## EXERCISE GOAL
Transcribe, without alteration, the line that includes "Hello everyone. In" and each line after it until the records end, omitting all that precede it.

Saved entries
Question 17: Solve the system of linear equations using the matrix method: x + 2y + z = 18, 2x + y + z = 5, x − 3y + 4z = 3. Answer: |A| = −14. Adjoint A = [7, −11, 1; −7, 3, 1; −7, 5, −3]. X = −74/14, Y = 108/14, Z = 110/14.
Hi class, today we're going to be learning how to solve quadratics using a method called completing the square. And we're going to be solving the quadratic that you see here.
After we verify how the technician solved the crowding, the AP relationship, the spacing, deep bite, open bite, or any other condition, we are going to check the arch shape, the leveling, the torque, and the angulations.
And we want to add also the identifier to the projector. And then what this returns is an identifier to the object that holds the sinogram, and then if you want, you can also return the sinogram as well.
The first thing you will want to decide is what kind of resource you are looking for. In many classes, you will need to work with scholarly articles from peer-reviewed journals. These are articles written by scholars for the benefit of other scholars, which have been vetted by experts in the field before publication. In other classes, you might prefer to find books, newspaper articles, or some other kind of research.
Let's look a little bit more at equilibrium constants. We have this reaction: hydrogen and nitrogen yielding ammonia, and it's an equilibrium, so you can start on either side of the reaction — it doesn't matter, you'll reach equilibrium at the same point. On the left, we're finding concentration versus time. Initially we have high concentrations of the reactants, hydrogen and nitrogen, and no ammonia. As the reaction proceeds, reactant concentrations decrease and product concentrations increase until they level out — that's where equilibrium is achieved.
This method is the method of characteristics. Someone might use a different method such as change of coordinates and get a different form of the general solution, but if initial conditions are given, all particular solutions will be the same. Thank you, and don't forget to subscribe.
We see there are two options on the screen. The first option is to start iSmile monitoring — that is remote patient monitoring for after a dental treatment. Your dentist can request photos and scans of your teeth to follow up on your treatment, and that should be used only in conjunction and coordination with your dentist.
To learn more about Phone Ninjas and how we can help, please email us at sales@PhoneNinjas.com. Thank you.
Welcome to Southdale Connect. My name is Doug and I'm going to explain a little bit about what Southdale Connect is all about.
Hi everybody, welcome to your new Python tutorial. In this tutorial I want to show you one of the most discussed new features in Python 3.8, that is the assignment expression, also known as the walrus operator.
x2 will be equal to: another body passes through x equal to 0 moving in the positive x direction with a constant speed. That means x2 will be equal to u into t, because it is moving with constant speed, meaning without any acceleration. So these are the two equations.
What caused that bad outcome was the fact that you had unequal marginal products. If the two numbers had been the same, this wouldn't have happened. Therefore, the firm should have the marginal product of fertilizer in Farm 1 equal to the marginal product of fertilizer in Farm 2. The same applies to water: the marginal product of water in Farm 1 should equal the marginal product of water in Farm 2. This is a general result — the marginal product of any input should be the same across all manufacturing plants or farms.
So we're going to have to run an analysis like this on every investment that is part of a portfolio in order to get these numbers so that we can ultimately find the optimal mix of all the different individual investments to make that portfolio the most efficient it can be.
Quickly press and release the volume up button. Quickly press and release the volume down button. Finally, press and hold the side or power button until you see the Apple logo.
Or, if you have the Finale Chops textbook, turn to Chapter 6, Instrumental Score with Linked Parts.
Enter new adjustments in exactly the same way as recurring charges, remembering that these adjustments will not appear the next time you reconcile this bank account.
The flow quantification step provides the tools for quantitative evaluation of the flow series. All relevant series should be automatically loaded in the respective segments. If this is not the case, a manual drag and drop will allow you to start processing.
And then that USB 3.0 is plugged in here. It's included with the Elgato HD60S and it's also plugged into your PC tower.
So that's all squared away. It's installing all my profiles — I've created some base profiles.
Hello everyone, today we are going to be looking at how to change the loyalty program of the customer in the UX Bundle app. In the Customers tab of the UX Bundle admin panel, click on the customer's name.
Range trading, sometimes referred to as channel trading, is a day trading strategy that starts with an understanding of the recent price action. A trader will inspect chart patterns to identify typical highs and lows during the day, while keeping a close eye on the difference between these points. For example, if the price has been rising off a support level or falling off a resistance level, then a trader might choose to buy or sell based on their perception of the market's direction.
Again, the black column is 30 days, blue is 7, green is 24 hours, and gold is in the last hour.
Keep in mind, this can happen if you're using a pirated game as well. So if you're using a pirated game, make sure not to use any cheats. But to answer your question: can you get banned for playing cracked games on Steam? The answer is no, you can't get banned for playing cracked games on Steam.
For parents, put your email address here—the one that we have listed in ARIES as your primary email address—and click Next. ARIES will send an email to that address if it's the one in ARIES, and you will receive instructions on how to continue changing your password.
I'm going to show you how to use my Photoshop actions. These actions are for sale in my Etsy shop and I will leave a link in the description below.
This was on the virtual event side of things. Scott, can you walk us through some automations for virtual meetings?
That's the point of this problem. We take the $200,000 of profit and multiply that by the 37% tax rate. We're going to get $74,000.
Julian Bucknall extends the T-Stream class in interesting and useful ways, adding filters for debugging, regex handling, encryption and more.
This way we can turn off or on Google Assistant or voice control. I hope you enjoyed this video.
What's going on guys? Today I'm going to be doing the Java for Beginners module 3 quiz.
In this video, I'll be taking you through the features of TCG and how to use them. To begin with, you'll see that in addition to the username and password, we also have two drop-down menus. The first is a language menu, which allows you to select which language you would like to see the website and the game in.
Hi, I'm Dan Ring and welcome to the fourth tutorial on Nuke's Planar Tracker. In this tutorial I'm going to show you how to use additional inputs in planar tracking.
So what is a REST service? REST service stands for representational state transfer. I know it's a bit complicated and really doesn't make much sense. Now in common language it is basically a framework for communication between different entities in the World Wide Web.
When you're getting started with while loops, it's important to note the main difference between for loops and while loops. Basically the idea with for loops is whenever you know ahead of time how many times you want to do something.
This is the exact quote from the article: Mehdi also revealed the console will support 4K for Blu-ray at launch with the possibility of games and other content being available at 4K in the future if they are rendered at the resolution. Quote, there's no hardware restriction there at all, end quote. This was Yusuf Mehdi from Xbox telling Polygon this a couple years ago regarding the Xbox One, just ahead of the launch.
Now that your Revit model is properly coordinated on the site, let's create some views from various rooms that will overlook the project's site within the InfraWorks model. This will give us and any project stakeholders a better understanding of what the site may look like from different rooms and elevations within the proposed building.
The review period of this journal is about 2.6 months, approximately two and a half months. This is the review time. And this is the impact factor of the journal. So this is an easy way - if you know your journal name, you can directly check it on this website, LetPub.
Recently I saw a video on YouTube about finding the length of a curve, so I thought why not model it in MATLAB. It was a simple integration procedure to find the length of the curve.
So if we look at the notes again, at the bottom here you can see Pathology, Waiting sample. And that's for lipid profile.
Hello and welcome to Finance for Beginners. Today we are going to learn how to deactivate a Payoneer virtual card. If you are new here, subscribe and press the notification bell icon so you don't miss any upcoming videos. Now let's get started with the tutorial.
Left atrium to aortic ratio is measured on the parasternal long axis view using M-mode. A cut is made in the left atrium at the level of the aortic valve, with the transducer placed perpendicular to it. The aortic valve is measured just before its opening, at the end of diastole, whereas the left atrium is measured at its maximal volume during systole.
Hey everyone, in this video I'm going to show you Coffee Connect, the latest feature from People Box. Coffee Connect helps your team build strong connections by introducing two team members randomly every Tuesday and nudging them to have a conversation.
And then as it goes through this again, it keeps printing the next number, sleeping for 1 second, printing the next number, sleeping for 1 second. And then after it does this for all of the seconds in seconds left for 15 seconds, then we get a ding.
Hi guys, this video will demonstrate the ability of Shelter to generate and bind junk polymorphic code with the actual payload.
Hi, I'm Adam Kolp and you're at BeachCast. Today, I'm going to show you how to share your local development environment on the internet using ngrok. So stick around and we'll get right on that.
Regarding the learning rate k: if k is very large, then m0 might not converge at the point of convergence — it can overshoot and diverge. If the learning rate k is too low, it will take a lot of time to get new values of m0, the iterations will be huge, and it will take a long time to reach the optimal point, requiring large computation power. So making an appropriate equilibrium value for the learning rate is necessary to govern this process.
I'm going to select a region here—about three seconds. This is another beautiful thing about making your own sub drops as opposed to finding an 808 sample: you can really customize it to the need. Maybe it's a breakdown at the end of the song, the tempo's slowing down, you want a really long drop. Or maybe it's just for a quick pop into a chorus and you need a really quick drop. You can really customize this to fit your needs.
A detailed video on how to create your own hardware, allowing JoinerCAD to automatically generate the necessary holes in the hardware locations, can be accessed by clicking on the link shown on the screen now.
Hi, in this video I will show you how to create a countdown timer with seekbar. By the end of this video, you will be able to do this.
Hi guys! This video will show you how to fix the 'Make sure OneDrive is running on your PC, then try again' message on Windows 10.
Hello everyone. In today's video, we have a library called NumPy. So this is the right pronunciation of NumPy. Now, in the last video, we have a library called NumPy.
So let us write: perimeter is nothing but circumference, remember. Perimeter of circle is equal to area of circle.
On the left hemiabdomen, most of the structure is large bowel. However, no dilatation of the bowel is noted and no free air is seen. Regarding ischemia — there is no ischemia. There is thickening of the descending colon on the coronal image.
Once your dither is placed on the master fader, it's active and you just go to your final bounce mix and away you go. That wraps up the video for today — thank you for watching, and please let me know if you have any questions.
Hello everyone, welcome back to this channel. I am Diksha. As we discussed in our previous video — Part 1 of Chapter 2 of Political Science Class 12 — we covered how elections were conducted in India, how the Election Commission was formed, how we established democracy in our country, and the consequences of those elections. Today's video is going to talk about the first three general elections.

## ANSWER FOR THE TASK
Hello everyone. In today's video, we have a library called NumPy. So this is the right pronunciation of NumPy. Now, in the last video, we have a library called NumPy.
So let us write: perimeter is nothing but circumference, remember. Perimeter of circle is equal to area of circle.
On the left hemiabdomen, most of the structure is large bowel. However, no dilatation of the bowel is noted and no free air is seen. Regarding ischemia — there is no ischemia. There is thickening of the descending colon on the coronal image.
Once your dither is placed on the master fader, it's active and you just go to your final bounce mix and away you go. That wraps up the video for today — thank you for watching, and please let me know if you have any questions.
Hello everyone, welcome back to this channel. I am Diksha. As we discussed in our previous video — Part 1 of Chapter 2 of Political Science Class 12 — we covered how elections were conducted in India, how the Election Commission was formed, how we established democracy in our country, and the consequences of those elections. Today's video is going to talk about the first three general elections.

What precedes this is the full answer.